At first, the reporter reacted as if he’d said no. “I realize you aren’t in a position to discuss specifics, sir,” she continued. “But, as I’m sure you’re aware, this case has generated a lot of public interest. Our readers would be interested in knowing more about the man at the centre of it all.”
“Yes,” Ward said again. “I’ll do it.”
“Essentially, I’m thinking of a profile that would talk about your background and—you’ll do it?”
He couldn’t help but smile. “Yes, Ms. Donovan, I’d be happy to. My schedule is clear for the next few days, so why don’t you name the time?”
Now here they were, sitting opposite each other in an alcove off Ward’s main office that had just enough room for two black leather chairs and a low round table between them. Donovan placed her tiny recorder on the table close to Ward. “I hope you don’t mind,” she said. “I just want to make sure the quotes are accurate.”
“No problem.”
But there was a problem.
Ward had not thought this through.
He’d fixated on the fact that she was Patrick Donovan’s daughter.
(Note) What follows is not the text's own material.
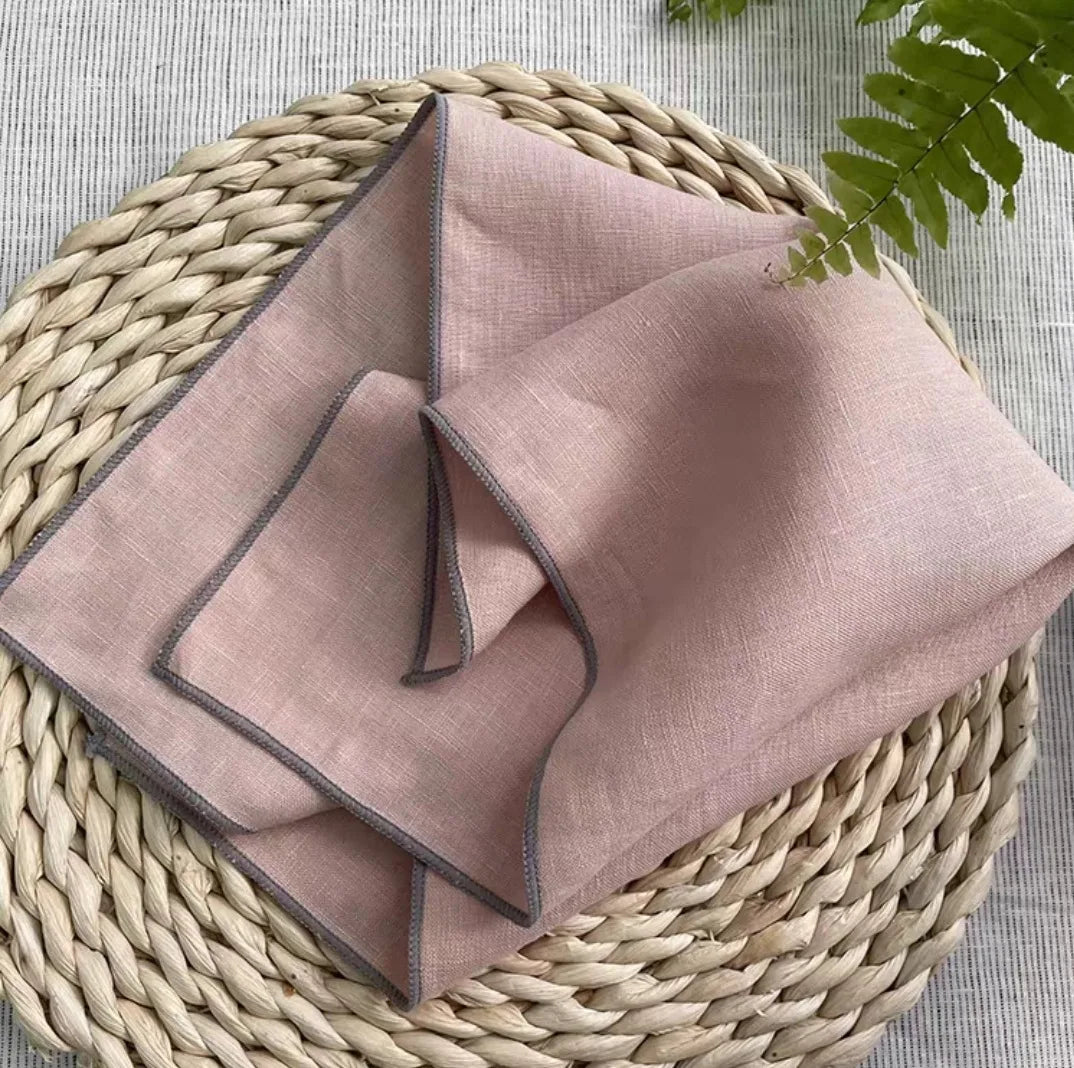 Astra Linen Napkins — Delicate Gray Border Trim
He’d planned to wait until she asked the question only Patrick Donovan’s daughter would know to ask, and then make the pitch he’d been formulating in his head. He saw it as a dance, in which he would lead.
But she fooled him. She guided him through the predictable biographical questions, to which he gave the predictable answers. But then she circled back, came at him from an unexpected direction. She became the Grand Inquisitor, the Reporter.
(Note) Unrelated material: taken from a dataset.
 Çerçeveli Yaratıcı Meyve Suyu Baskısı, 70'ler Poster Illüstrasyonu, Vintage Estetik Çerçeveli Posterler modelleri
It began innocuously. “I understand, sir, that you and Mr. Melesse were friends at one point. Can you tell me about your relationship with him?”
“Ah, that was a long time ago. We were both very young . . . We were friends, you know, like people are when they’re kids, okay? But I haven’t seen Ray—uh, Mr. Melesse—except in the courtroom now, of course, since . . . well, probably since high school.” The more he tried, the more inarticulate he sounded, the more suspect his answer seemed.
“I have a copy of a transcript I’d like to show you,” she said. She took some papers out of her purse, slid them across the table toward him. “This is from a 1970 report of an interview between you and two members of the RCMP’s Security and Intelligence Division. About your knowledge of Mr. Melesse’s political activities. Do you recognize these as your words?”
“Ah . . . let me see.” He stared at the first page, uncomprehending, taking time to think about how to answer. He couldn’t think. “I seem to recall something about being asked to meet with some members of the RCMP at that time,” Ward said, clearing his throat, coughing nervously. “It was right after the October Crisis, I believe . . . and there were some concerns about Mr. Carter’s—Mr. Melesse’s activities. But I’m . . . not sure . . . I was much help to them.”